Thursday, April 24, 2008

Hey Pal, No Soliciting

Every night when we turn on the news there are threats and evil forces surrounding us. It is Wall Street and the mortgage crisis, immigrants taking our jobs, and the disappearing middle class. It’s hard not to believe the hype. It’s hard not to believe that we are all victims of our circumstances, and that the world is hopelessly out of control and that Armageddon will come soon.

When we start to hear these hysterics, we need to employ a little skepticism. When the Wizard of Oz is spewing fire and the green vein on his forehead pulses with anger, we need to look around and see if Toto has exposed a little man behind a curtain. Fear is a tool of manipulation. The peddlers of fear usually want something from you. They want you to tune in at 10, buy their product, or vote for their candidate. We should greet these peddlers with the same skepticism that we greet car salesmen.

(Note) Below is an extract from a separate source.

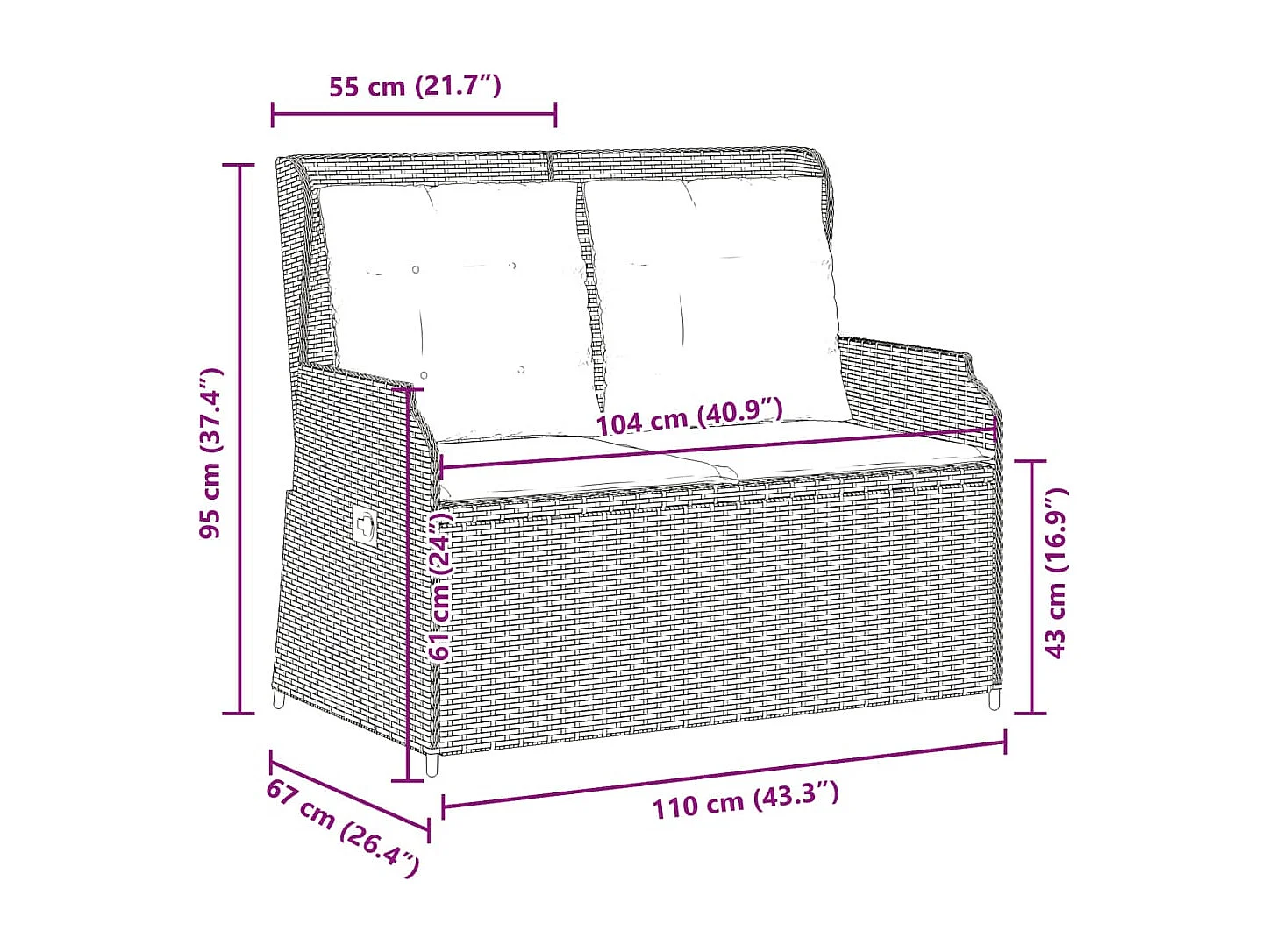 Banc inclinable de jardin avec coussins beige résine tressée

It is not that all horror stories are false. If the news tells me that there is a Hurricane in the Gulf of Mexico, I need to watch because my life and family depend on knowing what to do. The critical test is listening to what they want you to do about it. Do they want something from you? Do they want your money, your personal freedom, your rapt attention during commercial breaks?

The more afraid we are, the more power we cede to those who want to be in charge. We feel powerless and hopeless and that only someone stronger can save us all. Beware the stench of manipulation.

Many economists now believe we are either in or about to be in a recession. Recessions are not fun, but the media blows it way out of proportion. According to the news, I should start growing my own crops and livestock to survive the coming dark ages. Many people may lose their jobs, but in reality that will only be 1 or 2% of the working population and it will be temporary. Most people’s income will continue to rise, but maybe a little slower.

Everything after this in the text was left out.